The rats are going over the rail. The doomed band is playing "Nearer my God to Thee" on the promenade deck of the Titanic. People and groups have come out against the current situation, that I never thought to see:
Richard Perle, the anchor of Republican defense departments since Ronald Reagan, has said that if he'd known how this would work out, he would have suggested other strategies.
Kenneth Adelman, who said that liberating Iraq would be "a cakewalk", now says the Bush national security team is "among the most incompetent teams in the postwar era".
Most telling to my mind, the Military Times Media Group, a Gannett subsidiary which puts out Army Times and its sister sheets, will publish an editorial Monday in all its titles (liberally leaked in advance), calling for Rumsfeld's dismissal, on the grounds that he "has lost credibility with the uniformed leadership, with the troops, with Congress and with the public at large."
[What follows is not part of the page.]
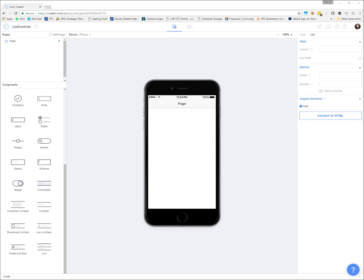Hello and welcome to this Ionic Creator tutorial video where we are looking at different types of list controls. Obviously when we are building our mobile apps, lists are an extremely popular way of displaying various types of information. When you combine lists with types of menus or tabs and paragraphs and things like that, we can really display our information in a visually appealing way that is very organized.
If you yourself have never been around the military, you may not realize how apocalyptic this is. They have to be hearing this from their readership, the serving military; in fact, the editorial will say that "active-duty military leaders are beginning to voice misgivings about the war's planning and execution." The American military just doesn't do that. The code that says you never criticize the brass is tremendously strong. But the American military is also nothing if not pragmatic, and the truth of the situation in Iraq is sinking in.